::: Data block
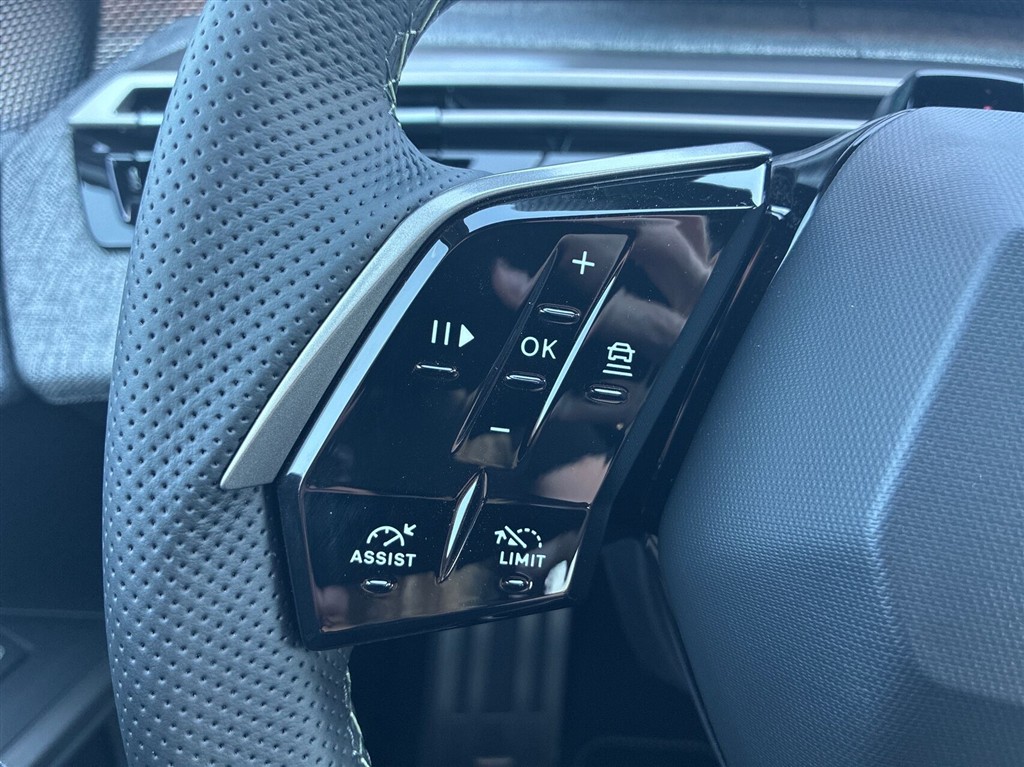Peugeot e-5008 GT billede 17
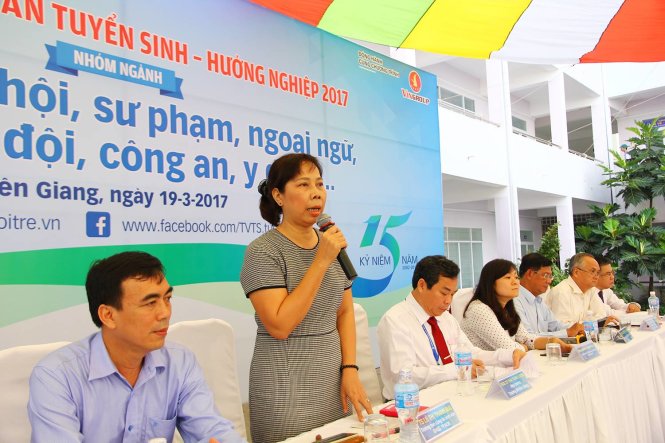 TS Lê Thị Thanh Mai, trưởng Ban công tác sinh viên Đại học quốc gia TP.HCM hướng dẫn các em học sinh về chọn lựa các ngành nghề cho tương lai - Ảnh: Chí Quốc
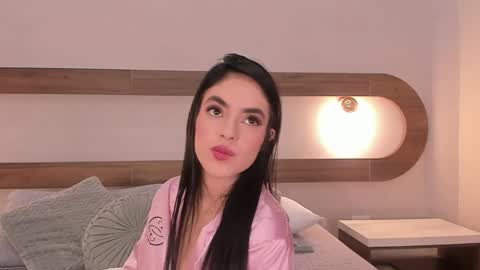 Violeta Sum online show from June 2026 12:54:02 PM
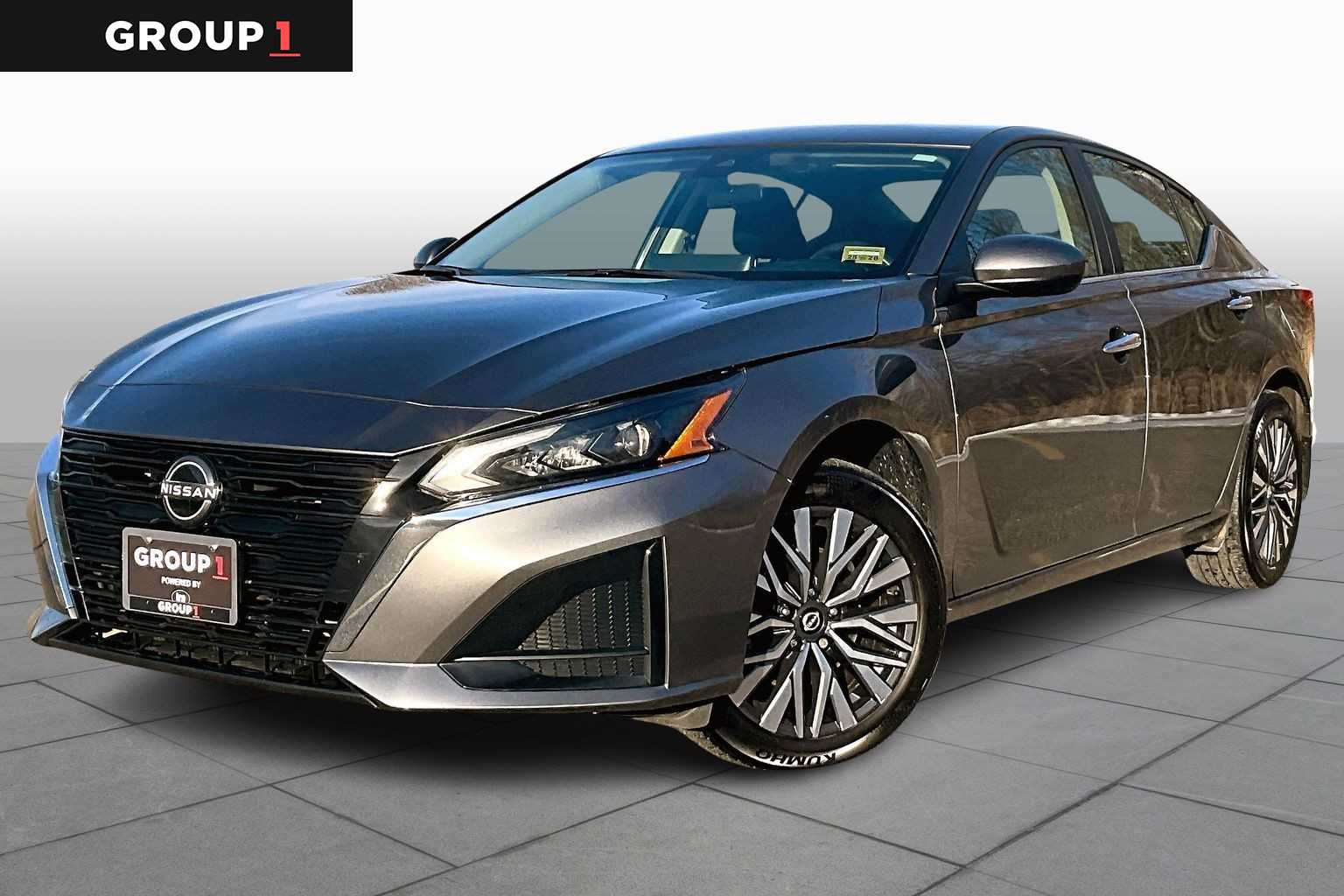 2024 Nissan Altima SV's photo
::::::
- **Directions for this task**
Could you give again precisely the lines from the one containing "TS Lê Thị Thanh" through the final line of the material above, both included, and no others, dropping the pictures?

- **Answer**
 TS Lê Thị Thanh Mai, trưởng Ban công tác sinh viên Đại học quốc gia TP.HCM hướng dẫn các em học sinh về chọn lựa các ngành nghề cho tương lai - Ảnh: Chí Quốc
 Violeta Sum online show from June 2026 12:54:02 PM
 2024 Nissan Altima SV's photo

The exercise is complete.